## Supplied information
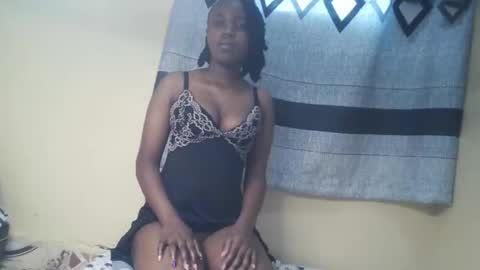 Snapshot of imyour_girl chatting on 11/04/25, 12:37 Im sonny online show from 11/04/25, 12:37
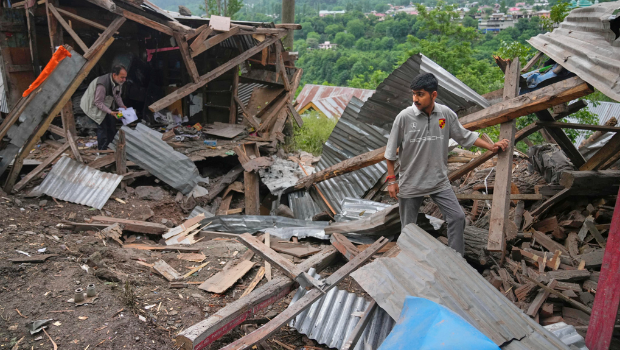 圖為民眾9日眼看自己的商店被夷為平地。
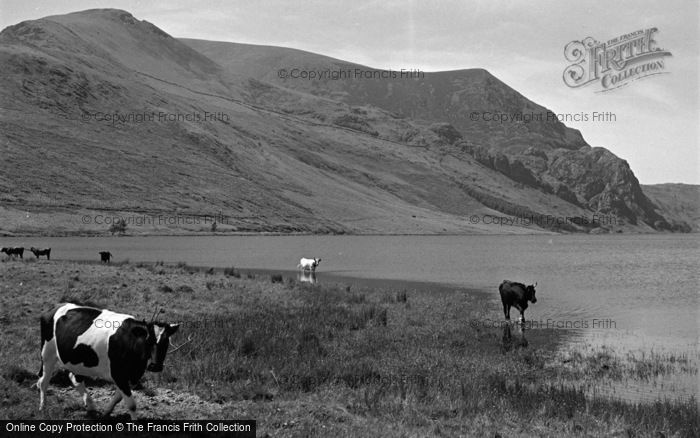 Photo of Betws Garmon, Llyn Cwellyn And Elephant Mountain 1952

==

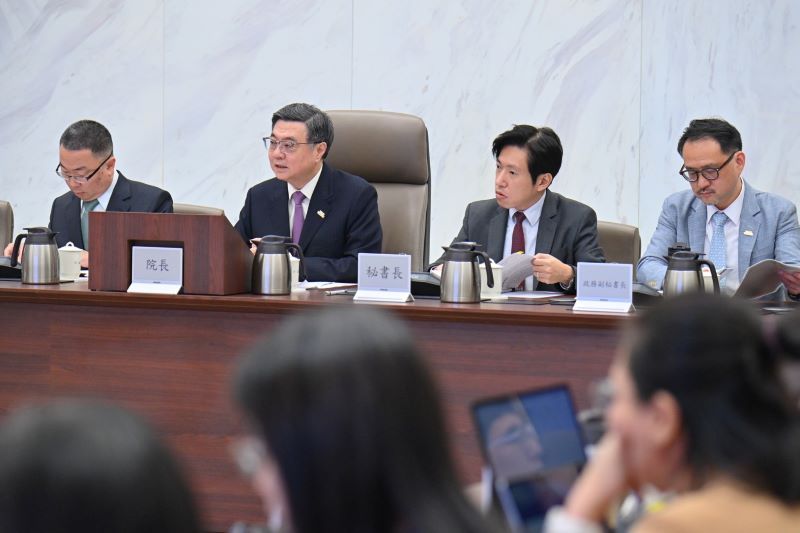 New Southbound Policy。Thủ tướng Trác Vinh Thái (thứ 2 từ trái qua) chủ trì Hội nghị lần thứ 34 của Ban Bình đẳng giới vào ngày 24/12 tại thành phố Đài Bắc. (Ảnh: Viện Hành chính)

...

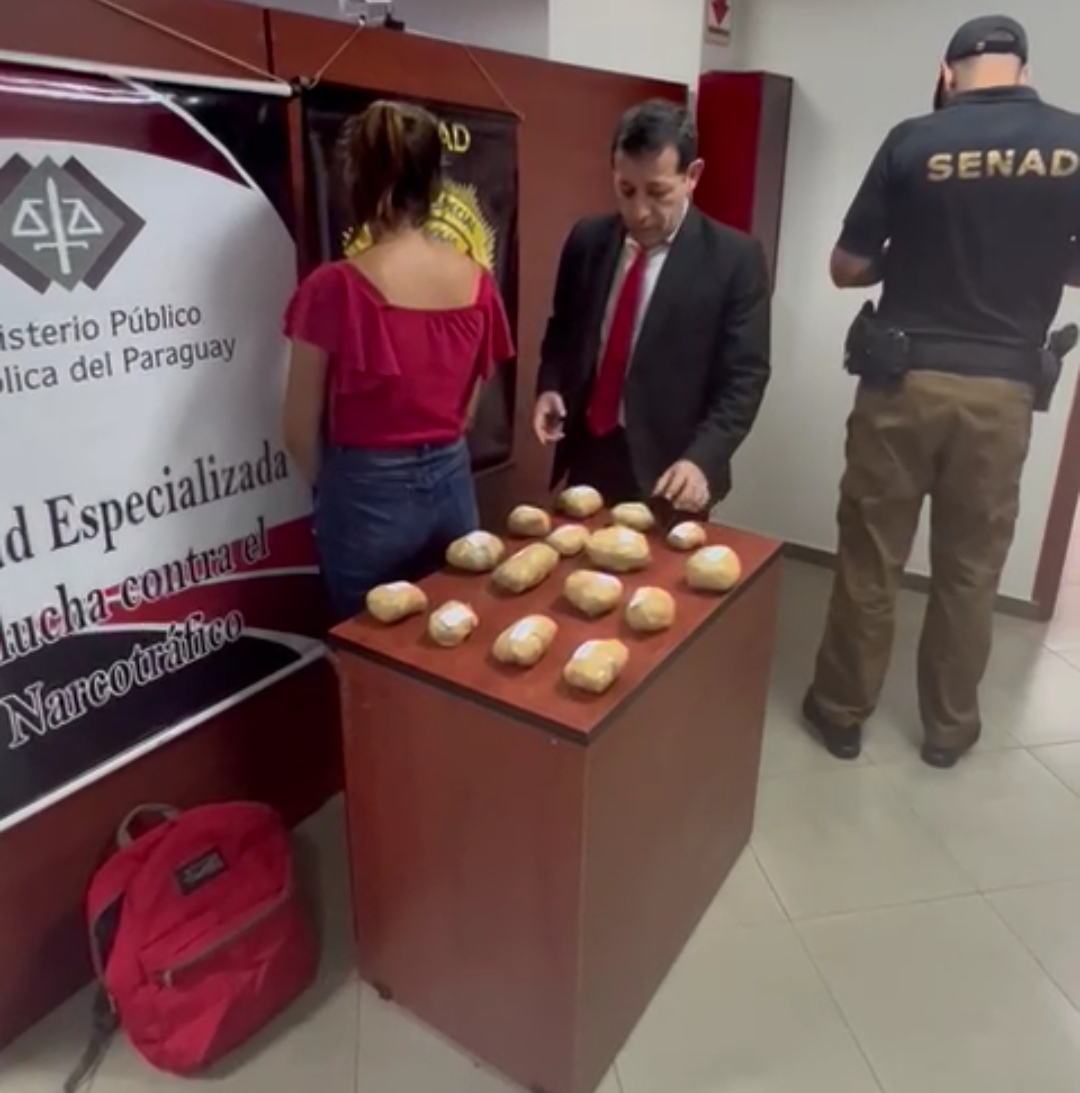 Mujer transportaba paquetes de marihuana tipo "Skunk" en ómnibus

## Exercise
Skipping every picture, transcribe exactly the lines above from the one containing "圖為民眾9日眼看自己的商店被夷為平地。" through the one containing "Photo of Betws", both included.

## Output for this task
 圖為民眾9日眼看自己的商店被夷為平地。
 Photo of Betws Garmon, Llyn Cwellyn And Elephant Mountain 1952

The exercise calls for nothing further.